Task statement: No pictures belong in the answer. Repeat all the entries exactly.

*****

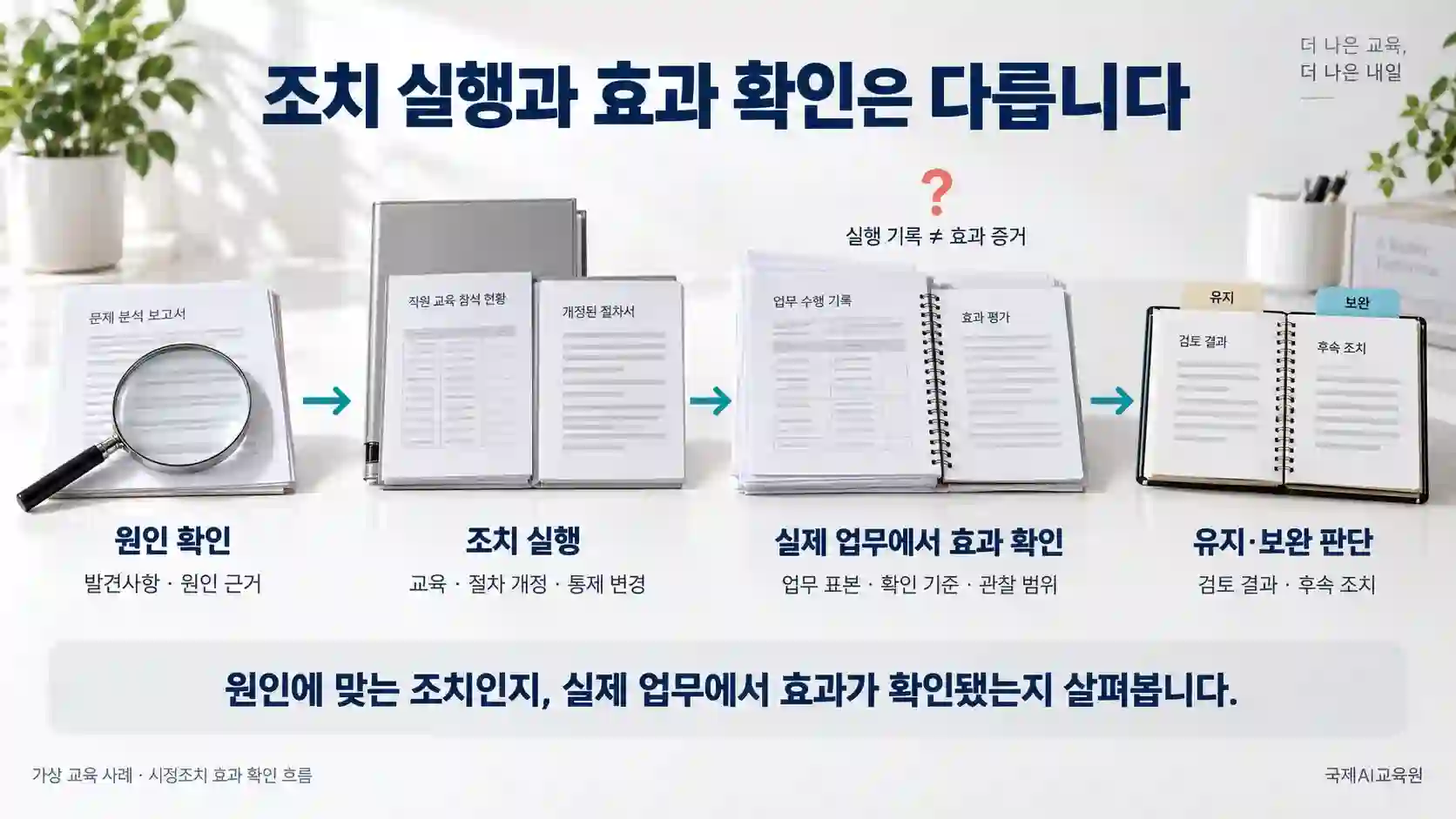 원인 확인, 조치 실행, 실제 업무에서 효과 확인, 유지·보완 판단으로 이어지는 시정조치 증거 확인 흐름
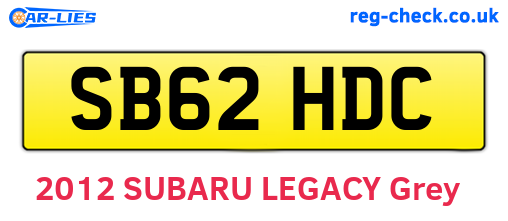 SB62HDC are the vehicle registration plates.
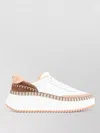 Chloé Nama Sneakers Contrasting Panels Stitch Detailing In White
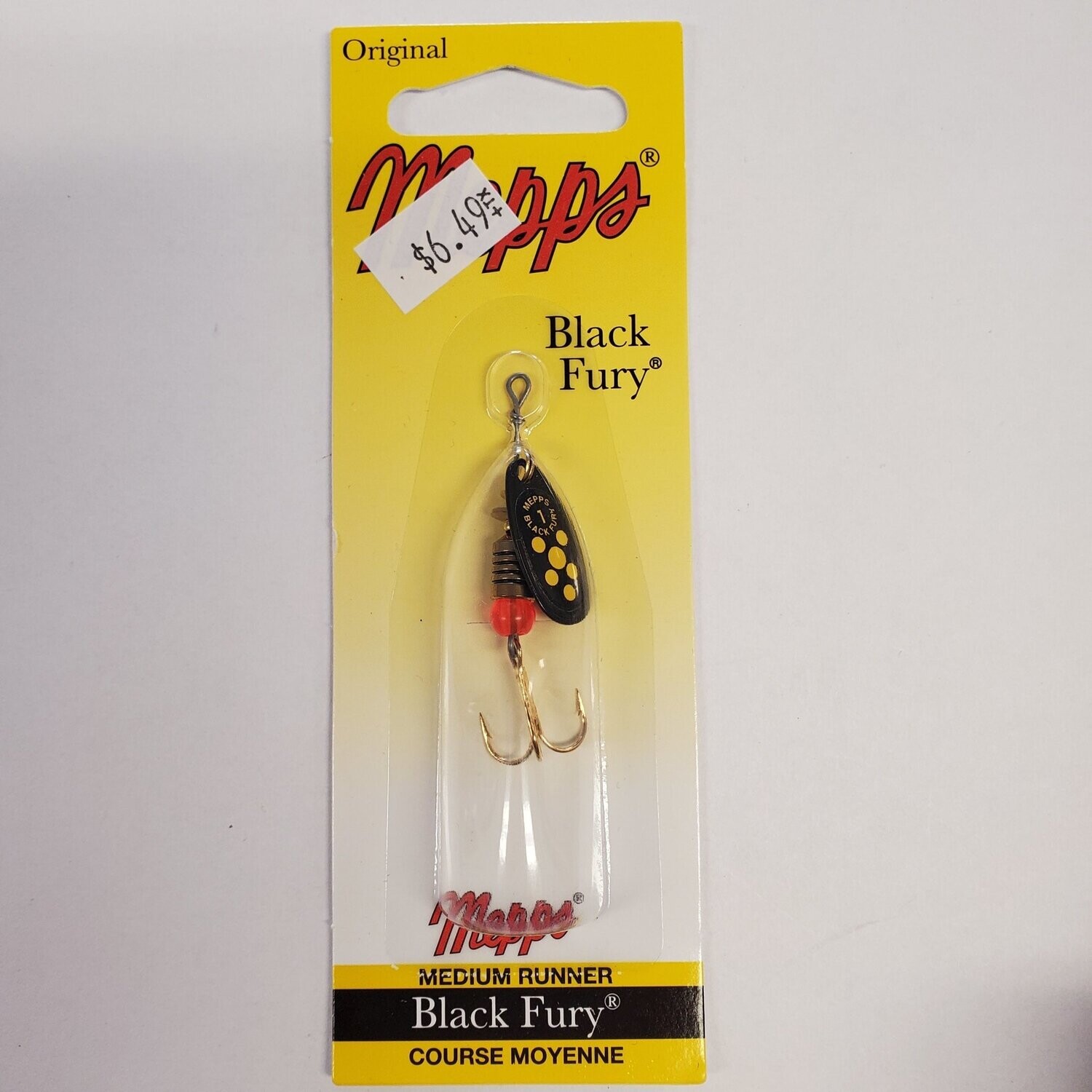Mepps black fury #1 plain blk/ylw dots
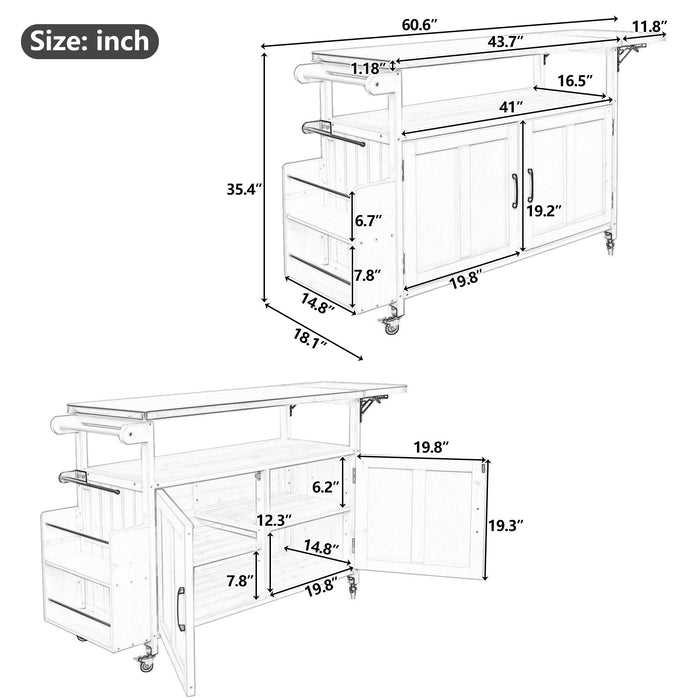 Foldable Outdoor Kitchen Island With Lockable Wheels, Storage Cabinet And Towel Rack For Patio Hearth and Haven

*****

Reply:
 원인 확인, 조치 실행, 실제 업무에서 효과 확인, 유지·보완 판단으로 이어지는 시정조치 증거 확인 흐름
 SB62HDC are the vehicle registration plates.
 Chloé Nama Sneakers Contrasting Panels Stitch Detailing In White
Mepps black fury #1 plain blk/ylw dots
 Foldable Outdoor Kitchen Island With Lockable Wheels, Storage Cabinet And Towel Rack For Patio Hearth and Haven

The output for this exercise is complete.